| Work order |
Reproduce every line of the material, exactly as given.

| Supplied data |
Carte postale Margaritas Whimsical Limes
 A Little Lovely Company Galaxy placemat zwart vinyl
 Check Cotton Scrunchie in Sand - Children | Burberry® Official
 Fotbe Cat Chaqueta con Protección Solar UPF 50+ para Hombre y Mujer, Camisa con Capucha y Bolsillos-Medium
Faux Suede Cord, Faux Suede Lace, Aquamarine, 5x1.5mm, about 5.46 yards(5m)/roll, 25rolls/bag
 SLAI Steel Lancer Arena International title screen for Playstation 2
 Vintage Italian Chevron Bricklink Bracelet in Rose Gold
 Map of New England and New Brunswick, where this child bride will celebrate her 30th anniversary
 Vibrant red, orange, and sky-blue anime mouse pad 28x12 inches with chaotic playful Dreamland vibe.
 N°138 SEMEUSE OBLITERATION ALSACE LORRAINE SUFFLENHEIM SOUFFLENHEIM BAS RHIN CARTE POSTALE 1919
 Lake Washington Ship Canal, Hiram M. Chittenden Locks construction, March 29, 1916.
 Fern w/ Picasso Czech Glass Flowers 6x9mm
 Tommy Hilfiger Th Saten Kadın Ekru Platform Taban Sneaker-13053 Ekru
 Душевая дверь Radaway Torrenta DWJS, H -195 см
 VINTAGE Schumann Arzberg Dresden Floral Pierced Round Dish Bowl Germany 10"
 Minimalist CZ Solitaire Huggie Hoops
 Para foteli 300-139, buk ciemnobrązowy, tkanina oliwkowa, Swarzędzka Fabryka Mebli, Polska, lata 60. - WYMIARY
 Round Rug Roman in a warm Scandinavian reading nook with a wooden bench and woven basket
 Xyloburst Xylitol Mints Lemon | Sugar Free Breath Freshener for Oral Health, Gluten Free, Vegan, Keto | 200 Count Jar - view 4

| Task solution |
Carte postale Margaritas Whimsical Limes
 A Little Lovely Company Galaxy placemat zwart vinyl
 Check Cotton Scrunchie in Sand - Children | Burberry® Official
 Fotbe Cat Chaqueta con Protección Solar UPF 50+ para Hombre y Mujer, Camisa con Capucha y Bolsillos-Medium
Faux Suede Cord, Faux Suede Lace, Aquamarine, 5x1.5mm, about 5.46 yards(5m)/roll, 25rolls/bag
 SLAI Steel Lancer Arena International title screen for Playstation 2
 Vintage Italian Chevron Bricklink Bracelet in Rose Gold
 Map of New England and New Brunswick, where this child bride will celebrate her 30th anniversary
 Vibrant red, orange, and sky-blue anime mouse pad 28x12 inches with chaotic playful Dreamland vibe.
 N°138 SEMEUSE OBLITERATION ALSACE LORRAINE SUFFLENHEIM SOUFFLENHEIM BAS RHIN CARTE POSTALE 1919
 Lake Washington Ship Canal, Hiram M. Chittenden Locks construction, March 29, 1916.
 Fern w/ Picasso Czech Glass Flowers 6x9mm
 Tommy Hilfiger Th Saten Kadın Ekru Platform Taban Sneaker-13053 Ekru
 Душевая дверь Radaway Torrenta DWJS, H -195 см
 VINTAGE Schumann Arzberg Dresden Floral Pierced Round Dish Bowl Germany 10"
 Minimalist CZ Solitaire Huggie Hoops
 Para foteli 300-139, buk ciemnobrązowy, tkanina oliwkowa, Swarzędzka Fabryka Mebli, Polska, lata 60. - WYMIARY
 Round Rug Roman in a warm Scandinavian reading nook with a wooden bench and woven basket
 Xyloburst Xylitol Mints Lemon | Sugar Free Breath Freshener for Oral Health, Gluten Free, Vegan, Keto | 200 Count Jar - view 4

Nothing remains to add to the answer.